## [RECORDS]
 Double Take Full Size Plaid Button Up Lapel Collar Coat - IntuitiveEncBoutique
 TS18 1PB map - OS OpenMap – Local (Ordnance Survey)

==

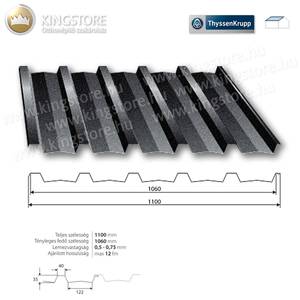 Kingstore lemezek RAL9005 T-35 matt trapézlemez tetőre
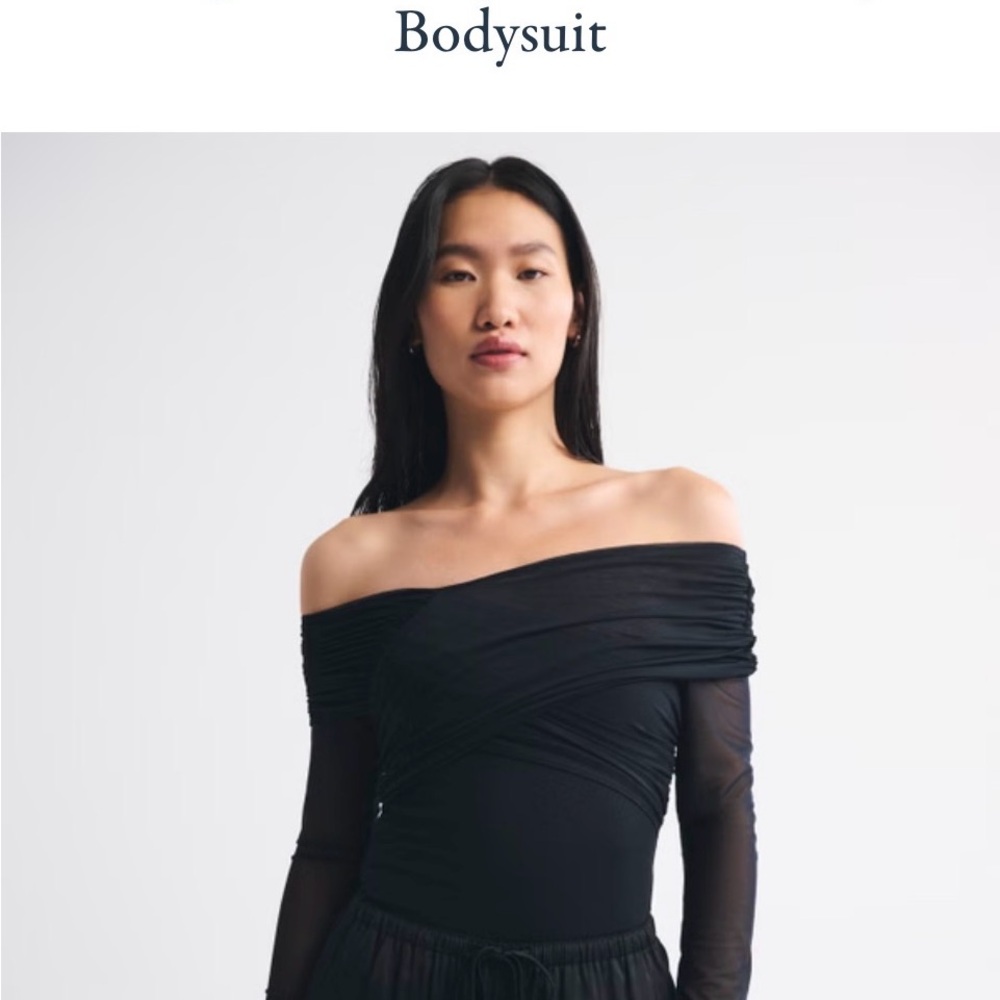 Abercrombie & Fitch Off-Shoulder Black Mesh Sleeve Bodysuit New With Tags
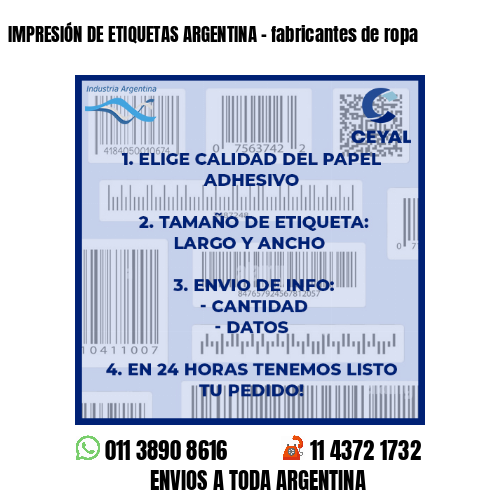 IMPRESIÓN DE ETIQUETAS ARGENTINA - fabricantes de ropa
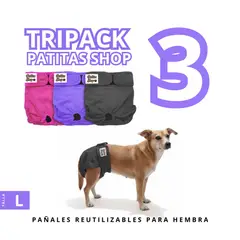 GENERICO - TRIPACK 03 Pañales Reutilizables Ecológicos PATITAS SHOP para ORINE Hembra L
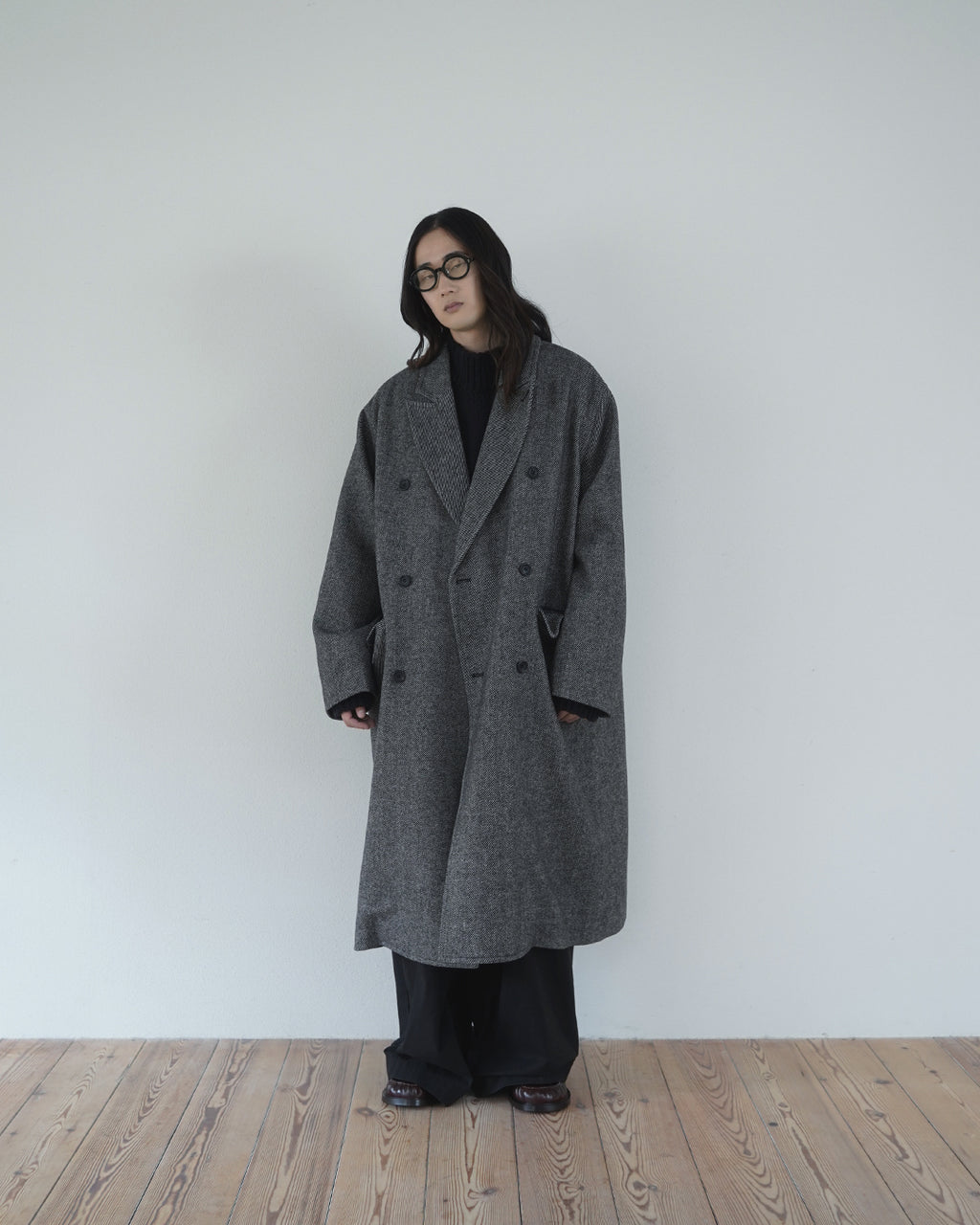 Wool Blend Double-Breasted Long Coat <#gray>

## [TASK TO COMPLETE]
Only the lines starting at the one with "Abercrombie & Fitch" and ending at the one with "Wool Blend Double-Breasted Long Coat <#gray>" should be printed, each exactly as it appears in the material above; the pictures are to be omitted.

## [ANSWER SPACE]
 Abercrombie & Fitch Off-Shoulder Black Mesh Sleeve Bodysuit New With Tags
 IMPRESIÓN DE ETIQUETAS ARGENTINA - fabricantes de ropa
 GENERICO - TRIPACK 03 Pañales Reutilizables Ecológicos PATITAS SHOP para ORINE Hembra L
 Wool Blend Double-Breasted Long Coat <#gray>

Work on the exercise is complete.